* Records to process *

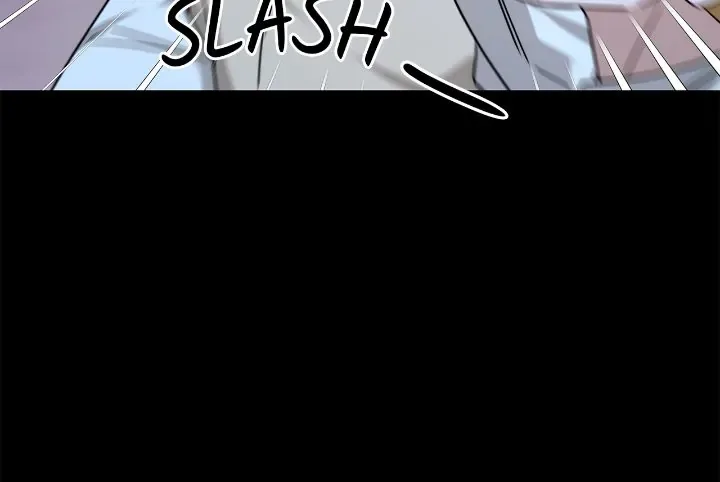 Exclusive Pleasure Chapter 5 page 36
--
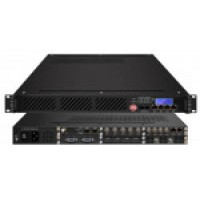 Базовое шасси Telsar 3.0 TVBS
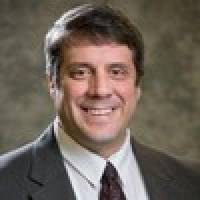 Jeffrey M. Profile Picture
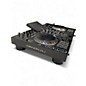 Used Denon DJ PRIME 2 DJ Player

* Your task *
Return the material from the line containing "Базовое шасси Telsar 3.0 TVBS" through the line containing "Used Denon DJ PRIME 2 DJ Player", exactly and in full, but without its pictures.

* Result of this task *
 Базовое шасси Telsar 3.0 TVBS
 Jeffrey M. Profile Picture
 Used Denon DJ PRIME 2 DJ Player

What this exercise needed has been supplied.